> ACTIVITY
Which lines in the data below contain the word "Hotel"? Copy each of them.

> DATA FOR THIS EXERCISE
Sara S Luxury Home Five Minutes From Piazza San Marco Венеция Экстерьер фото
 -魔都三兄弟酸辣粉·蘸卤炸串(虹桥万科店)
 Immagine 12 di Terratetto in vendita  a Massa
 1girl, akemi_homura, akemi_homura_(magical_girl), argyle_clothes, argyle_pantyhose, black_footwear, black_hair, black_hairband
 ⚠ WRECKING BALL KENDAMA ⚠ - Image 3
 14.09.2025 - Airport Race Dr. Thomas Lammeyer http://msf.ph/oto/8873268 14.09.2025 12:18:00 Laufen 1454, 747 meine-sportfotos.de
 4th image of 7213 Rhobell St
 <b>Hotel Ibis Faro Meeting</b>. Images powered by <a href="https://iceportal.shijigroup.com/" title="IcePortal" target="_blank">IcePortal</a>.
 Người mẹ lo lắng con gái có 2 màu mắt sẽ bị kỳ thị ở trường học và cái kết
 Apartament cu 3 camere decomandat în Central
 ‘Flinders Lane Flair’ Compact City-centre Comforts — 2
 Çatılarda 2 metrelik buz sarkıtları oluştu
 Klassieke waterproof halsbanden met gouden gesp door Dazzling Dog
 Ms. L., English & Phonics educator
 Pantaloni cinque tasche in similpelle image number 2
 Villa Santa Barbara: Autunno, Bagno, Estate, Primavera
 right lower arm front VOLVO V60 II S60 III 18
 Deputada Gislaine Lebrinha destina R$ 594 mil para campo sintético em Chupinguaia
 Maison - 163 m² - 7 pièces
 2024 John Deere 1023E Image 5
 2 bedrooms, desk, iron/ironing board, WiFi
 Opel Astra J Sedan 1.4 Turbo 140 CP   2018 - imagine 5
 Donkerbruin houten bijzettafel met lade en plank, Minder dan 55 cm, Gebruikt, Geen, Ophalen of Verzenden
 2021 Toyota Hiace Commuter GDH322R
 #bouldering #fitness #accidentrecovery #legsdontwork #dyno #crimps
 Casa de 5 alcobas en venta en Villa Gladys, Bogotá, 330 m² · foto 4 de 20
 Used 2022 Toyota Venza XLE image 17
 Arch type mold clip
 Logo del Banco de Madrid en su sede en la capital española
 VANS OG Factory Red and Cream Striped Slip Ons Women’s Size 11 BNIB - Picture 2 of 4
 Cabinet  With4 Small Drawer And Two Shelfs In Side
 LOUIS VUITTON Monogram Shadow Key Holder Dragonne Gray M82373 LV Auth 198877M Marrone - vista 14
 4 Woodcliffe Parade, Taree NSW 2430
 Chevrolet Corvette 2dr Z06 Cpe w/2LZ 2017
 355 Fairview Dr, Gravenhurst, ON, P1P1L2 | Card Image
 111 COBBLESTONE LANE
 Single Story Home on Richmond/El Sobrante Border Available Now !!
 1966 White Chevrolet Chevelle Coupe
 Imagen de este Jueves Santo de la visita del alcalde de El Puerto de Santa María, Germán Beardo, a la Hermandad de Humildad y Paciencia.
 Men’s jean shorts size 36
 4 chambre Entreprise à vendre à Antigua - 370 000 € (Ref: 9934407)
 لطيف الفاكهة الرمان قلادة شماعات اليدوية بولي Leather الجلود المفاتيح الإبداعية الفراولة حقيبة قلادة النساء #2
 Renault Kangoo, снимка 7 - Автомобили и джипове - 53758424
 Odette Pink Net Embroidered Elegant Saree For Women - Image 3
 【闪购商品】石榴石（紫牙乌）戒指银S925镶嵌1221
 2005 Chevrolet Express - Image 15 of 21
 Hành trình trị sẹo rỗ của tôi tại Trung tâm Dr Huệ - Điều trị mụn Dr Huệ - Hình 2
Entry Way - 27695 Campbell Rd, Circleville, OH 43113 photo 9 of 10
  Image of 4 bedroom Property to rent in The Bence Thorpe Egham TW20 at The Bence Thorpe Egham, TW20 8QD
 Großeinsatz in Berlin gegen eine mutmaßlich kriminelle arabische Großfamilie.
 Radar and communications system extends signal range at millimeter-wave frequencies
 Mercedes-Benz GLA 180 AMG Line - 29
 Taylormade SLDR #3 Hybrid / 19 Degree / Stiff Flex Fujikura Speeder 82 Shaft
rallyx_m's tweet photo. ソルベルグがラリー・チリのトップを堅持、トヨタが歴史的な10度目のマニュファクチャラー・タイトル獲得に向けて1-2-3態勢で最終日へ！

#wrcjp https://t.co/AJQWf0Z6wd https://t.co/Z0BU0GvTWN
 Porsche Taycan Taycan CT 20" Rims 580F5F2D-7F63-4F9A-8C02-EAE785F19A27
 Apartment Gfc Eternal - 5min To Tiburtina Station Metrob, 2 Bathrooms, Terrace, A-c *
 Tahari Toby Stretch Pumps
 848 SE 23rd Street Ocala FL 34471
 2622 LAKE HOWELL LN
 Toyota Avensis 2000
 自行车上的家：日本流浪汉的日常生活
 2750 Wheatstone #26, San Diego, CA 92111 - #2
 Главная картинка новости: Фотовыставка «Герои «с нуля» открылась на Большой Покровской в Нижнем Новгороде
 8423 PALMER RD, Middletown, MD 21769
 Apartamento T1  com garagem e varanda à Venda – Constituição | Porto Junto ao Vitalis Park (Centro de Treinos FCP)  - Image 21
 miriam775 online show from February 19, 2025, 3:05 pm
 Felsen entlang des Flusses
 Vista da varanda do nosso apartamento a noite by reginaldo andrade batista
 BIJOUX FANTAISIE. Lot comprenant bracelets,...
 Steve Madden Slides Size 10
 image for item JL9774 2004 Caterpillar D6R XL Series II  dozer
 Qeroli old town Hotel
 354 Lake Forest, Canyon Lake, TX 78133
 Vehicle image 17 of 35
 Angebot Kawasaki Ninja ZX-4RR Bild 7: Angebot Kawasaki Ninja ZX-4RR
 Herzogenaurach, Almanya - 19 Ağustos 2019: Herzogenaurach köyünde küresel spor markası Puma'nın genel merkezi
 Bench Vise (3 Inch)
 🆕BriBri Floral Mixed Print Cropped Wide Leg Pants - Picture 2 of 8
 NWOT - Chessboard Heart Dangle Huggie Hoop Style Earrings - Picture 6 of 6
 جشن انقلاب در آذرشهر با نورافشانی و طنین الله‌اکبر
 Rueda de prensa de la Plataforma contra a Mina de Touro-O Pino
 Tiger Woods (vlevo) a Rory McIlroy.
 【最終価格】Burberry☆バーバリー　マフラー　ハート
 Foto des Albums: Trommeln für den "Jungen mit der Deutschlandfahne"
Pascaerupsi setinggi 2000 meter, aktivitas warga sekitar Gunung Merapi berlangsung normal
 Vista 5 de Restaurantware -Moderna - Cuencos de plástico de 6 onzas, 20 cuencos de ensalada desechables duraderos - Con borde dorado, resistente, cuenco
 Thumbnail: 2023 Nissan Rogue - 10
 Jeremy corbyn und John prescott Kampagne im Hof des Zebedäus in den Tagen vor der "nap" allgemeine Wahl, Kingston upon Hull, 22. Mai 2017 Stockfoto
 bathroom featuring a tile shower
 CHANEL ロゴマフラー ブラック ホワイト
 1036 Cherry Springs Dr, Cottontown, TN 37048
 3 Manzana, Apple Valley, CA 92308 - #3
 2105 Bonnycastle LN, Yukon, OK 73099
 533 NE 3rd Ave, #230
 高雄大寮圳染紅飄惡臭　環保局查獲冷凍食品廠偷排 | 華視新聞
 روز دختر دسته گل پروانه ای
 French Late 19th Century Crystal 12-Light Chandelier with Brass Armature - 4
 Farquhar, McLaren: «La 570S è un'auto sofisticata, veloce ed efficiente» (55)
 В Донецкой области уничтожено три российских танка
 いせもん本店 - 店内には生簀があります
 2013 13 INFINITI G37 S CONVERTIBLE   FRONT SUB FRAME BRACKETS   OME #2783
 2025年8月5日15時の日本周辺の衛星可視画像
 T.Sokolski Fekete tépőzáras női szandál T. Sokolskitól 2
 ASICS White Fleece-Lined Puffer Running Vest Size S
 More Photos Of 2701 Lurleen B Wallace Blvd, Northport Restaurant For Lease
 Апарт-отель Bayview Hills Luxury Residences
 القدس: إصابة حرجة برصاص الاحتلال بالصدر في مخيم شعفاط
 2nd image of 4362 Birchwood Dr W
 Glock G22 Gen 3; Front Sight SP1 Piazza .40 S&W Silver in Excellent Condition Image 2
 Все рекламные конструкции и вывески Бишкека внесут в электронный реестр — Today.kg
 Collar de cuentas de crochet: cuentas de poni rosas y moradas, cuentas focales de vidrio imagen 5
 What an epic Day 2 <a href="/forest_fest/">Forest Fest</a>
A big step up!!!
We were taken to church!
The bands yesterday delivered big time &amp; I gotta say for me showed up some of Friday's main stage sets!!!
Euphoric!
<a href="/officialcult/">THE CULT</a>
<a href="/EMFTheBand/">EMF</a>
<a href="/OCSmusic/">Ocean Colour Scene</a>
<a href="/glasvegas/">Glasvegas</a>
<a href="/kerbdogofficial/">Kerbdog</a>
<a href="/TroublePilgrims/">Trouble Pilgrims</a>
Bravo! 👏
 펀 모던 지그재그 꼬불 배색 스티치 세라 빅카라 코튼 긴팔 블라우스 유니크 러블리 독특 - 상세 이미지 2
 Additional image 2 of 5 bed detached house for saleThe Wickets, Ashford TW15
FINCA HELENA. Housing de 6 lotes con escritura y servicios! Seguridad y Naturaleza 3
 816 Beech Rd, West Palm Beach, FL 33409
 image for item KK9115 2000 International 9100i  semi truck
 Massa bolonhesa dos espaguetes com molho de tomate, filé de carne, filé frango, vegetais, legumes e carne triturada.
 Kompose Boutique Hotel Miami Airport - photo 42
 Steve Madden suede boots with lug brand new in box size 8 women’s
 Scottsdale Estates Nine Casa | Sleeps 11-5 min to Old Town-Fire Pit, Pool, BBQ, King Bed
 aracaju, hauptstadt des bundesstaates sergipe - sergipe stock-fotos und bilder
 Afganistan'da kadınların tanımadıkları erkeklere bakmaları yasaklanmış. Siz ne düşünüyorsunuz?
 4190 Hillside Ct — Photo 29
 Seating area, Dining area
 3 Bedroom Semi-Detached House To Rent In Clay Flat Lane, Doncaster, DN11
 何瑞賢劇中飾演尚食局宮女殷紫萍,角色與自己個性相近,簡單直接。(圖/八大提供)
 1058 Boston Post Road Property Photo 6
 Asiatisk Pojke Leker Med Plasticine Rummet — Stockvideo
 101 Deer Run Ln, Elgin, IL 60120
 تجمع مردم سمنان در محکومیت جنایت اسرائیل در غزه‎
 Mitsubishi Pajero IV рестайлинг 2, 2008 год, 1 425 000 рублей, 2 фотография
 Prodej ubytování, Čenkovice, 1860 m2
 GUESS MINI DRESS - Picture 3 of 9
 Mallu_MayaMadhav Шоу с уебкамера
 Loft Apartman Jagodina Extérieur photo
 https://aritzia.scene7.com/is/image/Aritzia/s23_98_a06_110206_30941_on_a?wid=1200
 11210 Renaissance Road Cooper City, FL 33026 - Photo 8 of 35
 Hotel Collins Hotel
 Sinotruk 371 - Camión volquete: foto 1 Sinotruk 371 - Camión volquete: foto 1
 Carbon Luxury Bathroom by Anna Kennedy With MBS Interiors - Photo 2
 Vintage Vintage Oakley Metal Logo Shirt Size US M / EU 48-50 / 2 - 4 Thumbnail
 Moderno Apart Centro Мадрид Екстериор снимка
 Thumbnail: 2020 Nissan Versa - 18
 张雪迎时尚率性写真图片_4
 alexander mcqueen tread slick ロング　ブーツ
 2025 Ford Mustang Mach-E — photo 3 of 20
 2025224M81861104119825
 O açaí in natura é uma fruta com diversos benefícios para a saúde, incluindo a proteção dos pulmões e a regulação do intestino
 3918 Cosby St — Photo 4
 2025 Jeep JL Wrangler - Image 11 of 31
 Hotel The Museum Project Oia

> ANSWER TO THIS TASK
 <b>Hotel Ibis Faro Meeting</b>. Images powered by <a href="https://iceportal.shijigroup.com/" title="IcePortal" target="_blank">IcePortal</a>.
 Qeroli old town Hotel
 Kompose Boutique Hotel Miami Airport - photo 42
 Hotel Collins Hotel
 Hotel The Museum Project Oia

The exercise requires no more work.